• Source material:
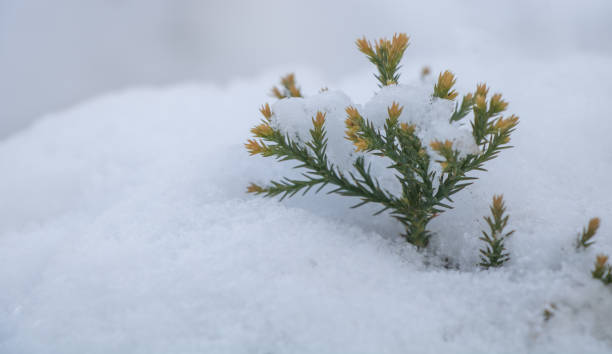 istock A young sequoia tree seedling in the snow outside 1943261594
==
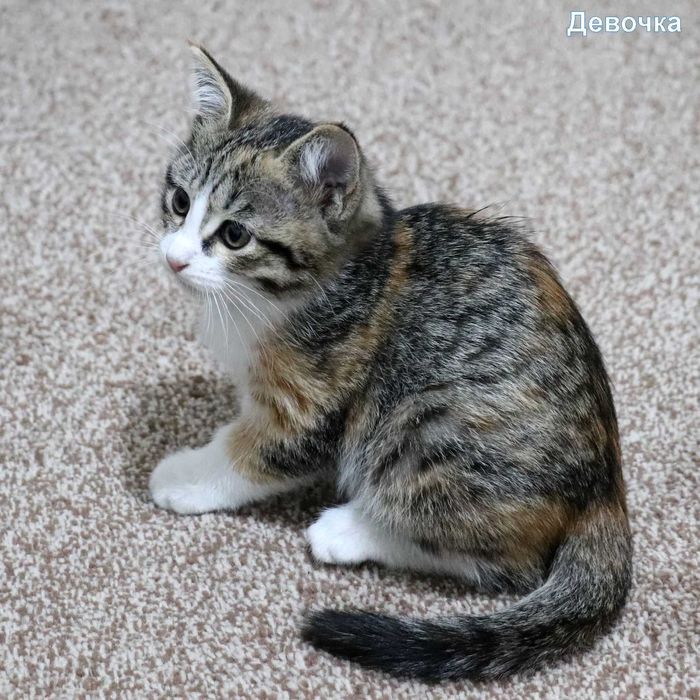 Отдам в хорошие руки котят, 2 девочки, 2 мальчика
--
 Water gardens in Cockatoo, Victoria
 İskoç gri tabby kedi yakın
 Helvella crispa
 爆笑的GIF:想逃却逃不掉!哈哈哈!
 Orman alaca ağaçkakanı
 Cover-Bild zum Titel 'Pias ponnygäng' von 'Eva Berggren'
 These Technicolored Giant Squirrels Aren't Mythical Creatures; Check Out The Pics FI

• Your instructions:
Copy out the lines above exactly, beginning at the one that contains "Water gardens in Cockatoo, Victoria" and ending at the one that contains "These Technicolored Giant".

• Result of the task:
 Water gardens in Cockatoo, Victoria
 İskoç gri tabby kedi yakın
 Helvella crispa
 爆笑的GIF:想逃却逃不掉!哈哈哈!
 Orman alaca ağaçkakanı
 Cover-Bild zum Titel 'Pias ponnygäng' von 'Eva Berggren'
 These Technicolored Giant Squirrels Aren't Mythical Creatures; Check Out The Pics FI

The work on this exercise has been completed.